• BRIEF:
What follows are records. Restate all of them word for word.
——
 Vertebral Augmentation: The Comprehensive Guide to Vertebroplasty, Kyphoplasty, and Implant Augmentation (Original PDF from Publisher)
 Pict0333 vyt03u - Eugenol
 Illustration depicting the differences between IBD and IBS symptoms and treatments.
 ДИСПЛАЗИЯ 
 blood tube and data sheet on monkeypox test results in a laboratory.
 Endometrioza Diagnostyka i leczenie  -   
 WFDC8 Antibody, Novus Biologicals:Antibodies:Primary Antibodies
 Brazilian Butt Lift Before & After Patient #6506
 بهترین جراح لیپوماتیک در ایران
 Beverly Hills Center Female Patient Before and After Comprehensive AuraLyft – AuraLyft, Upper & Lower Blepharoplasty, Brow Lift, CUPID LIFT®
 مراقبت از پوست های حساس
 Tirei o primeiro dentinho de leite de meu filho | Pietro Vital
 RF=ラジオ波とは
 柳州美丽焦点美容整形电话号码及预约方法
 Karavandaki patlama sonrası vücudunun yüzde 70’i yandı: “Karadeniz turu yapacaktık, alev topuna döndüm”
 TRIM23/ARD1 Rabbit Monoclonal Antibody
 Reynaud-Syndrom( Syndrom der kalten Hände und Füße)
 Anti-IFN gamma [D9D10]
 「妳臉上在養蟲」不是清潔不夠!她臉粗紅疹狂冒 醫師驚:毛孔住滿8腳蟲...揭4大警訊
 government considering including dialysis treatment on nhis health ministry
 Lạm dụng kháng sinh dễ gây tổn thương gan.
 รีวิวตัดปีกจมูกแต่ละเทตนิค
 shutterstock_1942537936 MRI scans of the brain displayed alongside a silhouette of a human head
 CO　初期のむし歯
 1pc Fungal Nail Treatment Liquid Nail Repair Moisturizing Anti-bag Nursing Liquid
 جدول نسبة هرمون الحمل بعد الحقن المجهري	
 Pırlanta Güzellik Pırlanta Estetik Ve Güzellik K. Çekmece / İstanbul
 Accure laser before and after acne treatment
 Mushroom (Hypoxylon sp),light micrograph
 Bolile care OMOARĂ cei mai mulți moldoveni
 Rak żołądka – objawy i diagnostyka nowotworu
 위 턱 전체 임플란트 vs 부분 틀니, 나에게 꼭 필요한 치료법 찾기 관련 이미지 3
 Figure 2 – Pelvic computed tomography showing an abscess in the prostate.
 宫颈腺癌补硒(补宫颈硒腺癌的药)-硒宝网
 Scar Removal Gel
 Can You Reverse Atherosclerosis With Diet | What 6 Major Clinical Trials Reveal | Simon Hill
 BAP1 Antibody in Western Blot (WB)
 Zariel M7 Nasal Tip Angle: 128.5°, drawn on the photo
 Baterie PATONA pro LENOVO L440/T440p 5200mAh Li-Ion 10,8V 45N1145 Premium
——
• THE COMPLETED TASK:
 Vertebral Augmentation: The Comprehensive Guide to Vertebroplasty, Kyphoplasty, and Implant Augmentation (Original PDF from Publisher)
 Pict0333 vyt03u - Eugenol
 Illustration depicting the differences between IBD and IBS symptoms and treatments.
 ДИСПЛАЗИЯ 
 blood tube and data sheet on monkeypox test results in a laboratory.
 Endometrioza Diagnostyka i leczenie  -   
 WFDC8 Antibody, Novus Biologicals:Antibodies:Primary Antibodies
 Brazilian Butt Lift Before & After Patient #6506
 بهترین جراح لیپوماتیک در ایران
 Beverly Hills Center Female Patient Before and After Comprehensive AuraLyft – AuraLyft, Upper & Lower Blepharoplasty, Brow Lift, CUPID LIFT®
 مراقبت از پوست های حساس
 Tirei o primeiro dentinho de leite de meu filho | Pietro Vital
 RF=ラジオ波とは
 柳州美丽焦点美容整形电话号码及预约方法
 Karavandaki patlama sonrası vücudunun yüzde 70’i yandı: “Karadeniz turu yapacaktık, alev topuna döndüm”
 TRIM23/ARD1 Rabbit Monoclonal Antibody
 Reynaud-Syndrom( Syndrom der kalten Hände und Füße)
 Anti-IFN gamma [D9D10]
 「妳臉上在養蟲」不是清潔不夠!她臉粗紅疹狂冒 醫師驚:毛孔住滿8腳蟲...揭4大警訊
 government considering including dialysis treatment on nhis health ministry
 Lạm dụng kháng sinh dễ gây tổn thương gan.
 รีวิวตัดปีกจมูกแต่ละเทตนิค
 shutterstock_1942537936 MRI scans of the brain displayed alongside a silhouette of a human head
 CO　初期のむし歯
 1pc Fungal Nail Treatment Liquid Nail Repair Moisturizing Anti-bag Nursing Liquid
 جدول نسبة هرمون الحمل بعد الحقن المجهري	
 Pırlanta Güzellik Pırlanta Estetik Ve Güzellik K. Çekmece / İstanbul
 Accure laser before and after acne treatment
 Mushroom (Hypoxylon sp),light micrograph
 Bolile care OMOARĂ cei mai mulți moldoveni
 Rak żołądka – objawy i diagnostyka nowotworu
 위 턱 전체 임플란트 vs 부분 틀니, 나에게 꼭 필요한 치료법 찾기 관련 이미지 3
 Figure 2 – Pelvic computed tomography showing an abscess in the prostate.
 宫颈腺癌补硒(补宫颈硒腺癌的药)-硒宝网
 Scar Removal Gel
 Can You Reverse Atherosclerosis With Diet | What 6 Major Clinical Trials Reveal | Simon Hill
 BAP1 Antibody in Western Blot (WB)
 Zariel M7 Nasal Tip Angle: 128.5°, drawn on the photo
 Baterie PATONA pro LENOVO L440/T440p 5200mAh Li-Ion 10,8V 45N1145 Premium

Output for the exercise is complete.